Gates gives an admirably coherent, convincing and well-articulated explanation of the problems facing the planet and, by extension, humanity, and the book serves very well as a beginners’ guide to climate science.
As a technologist, Gates also has a solid understanding of the technical solutions needed to prevent climate breakdown.
His approach is pragmatic and in places highly controversial. He makes a strong case that we should invest in next-generation nuclear power, as Russia and China are doing, since it will be very difficult to get to net-zero emissions in the next 30 years on the basis of wind, solar and hydropower alone.
Surprisingly, the book doesn’t suffer from too much of a First World bias. Gates understands the historic correlation between energy consumption and standard of living and that it is impractical and immoral to advocate that countries of the global South reduce or restrict their energy consumption.
He recognises that it is poorer countries, and poorer communities in richer countries, who are suffering most from climate change, in spite of having contributed the least to the problem. As such he highlights the need for developed countries to shoulder the bulk of the cost burden for a global green transition.
The clear weakness of the book is its economic and political framework. Gates is one of the most successful capitalists of all time and doesn’t seem to be able to think outside the parameters of the market.
Things will be solved with price indicators, supply and demand, consumer power, a regulation here, a target there. Companies will have to spend more on green R&D, while local governments will have to take “externalities” into account when doing their procurement.
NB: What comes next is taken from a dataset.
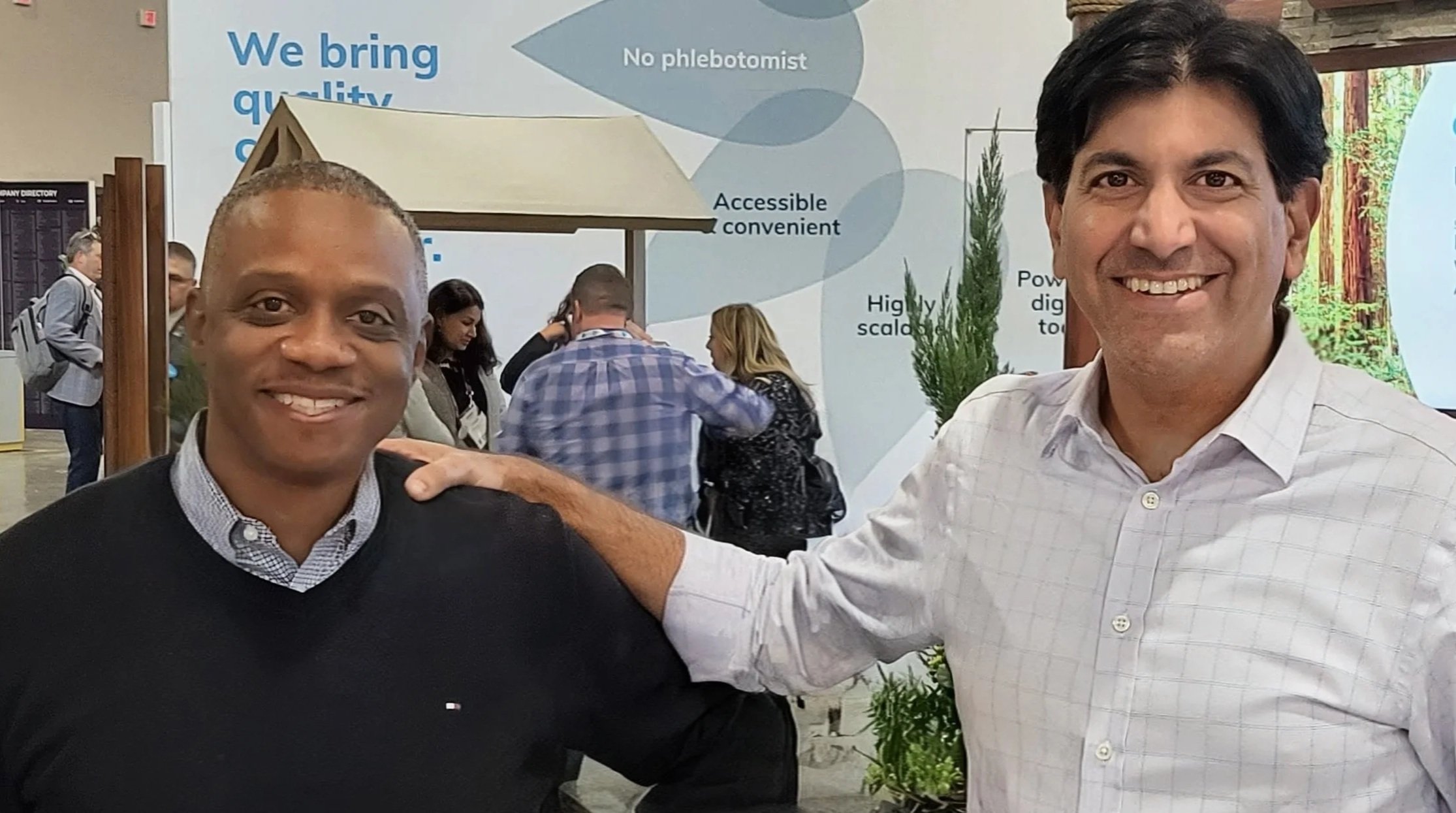 Two men smiling and posing for a photo at a conference or event, with a sign in the background that reads, "We bring quality," and a group of people talking. One man has short black hair and is wearing a black sweater over a collared shirt, while the other has dark hair and is wearing a light-colored checkered shirt.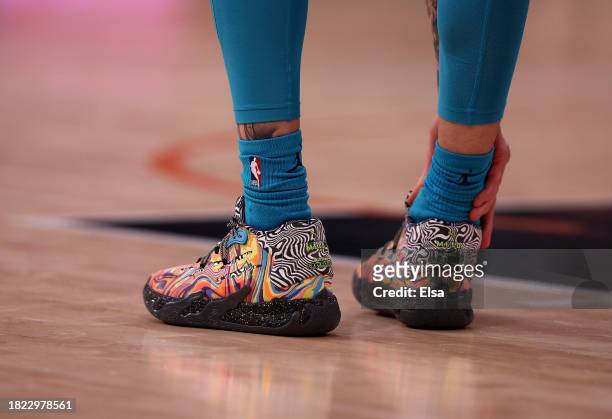 The shoes of LaMelo Ball of the Charlotte Hornets are seen as he grabs his ankel after a play during the first half against the New York Knicks at...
But that’s exactly the methodology the world has been using to tackle climate change for the last 30 years and the problem is not one of motivation or information.
There’s a huge structural roadblock in the form of the centrality of private profit and individual gain in a capitalist economic system, made all the worse by the four-decade supremacy of neoliberal economics, characterised by financialisation, privatisation and deregulation.
The most significant progress currently being made on a green transition is in China, a developing country with a per capita income level similar to that of Brazil.
Its economy is structured such that “politics are in command” and the government has made green development a top priority, reflected at every level of economic planning.
As Gates points out, Chinese investment in renewable energy over the last decade has resulted in a 90 per cent cost reduction in solar and wind power worldwide. It’s not just that the Chinese had access to a preview edition of Gates’s book, it’s that the government exercises control over capital, rather than the other way round.
But it’s also not enough to shout “one solution, revolution” — we don’t have enough time to wait for the Western left to figure out how to build socialism.
In the major capitalist economies, what we need is a massive public investment-driven programme of research, the deployment of green technologies and climate change mitigation — a Green New Deal.
Gates doesn’t get behind this, presumably because he knows that the larger part of the capitalist class opposes it. It will mean rolling back decades of neoliberalism and imposing Keynesian reforms and regulations on an unprecedented scale.
A more politically advanced author would have discussed the Green New Deal and encouraged people to unite around it.
It is not beyond reach but it will take determined and united struggle to make it happen.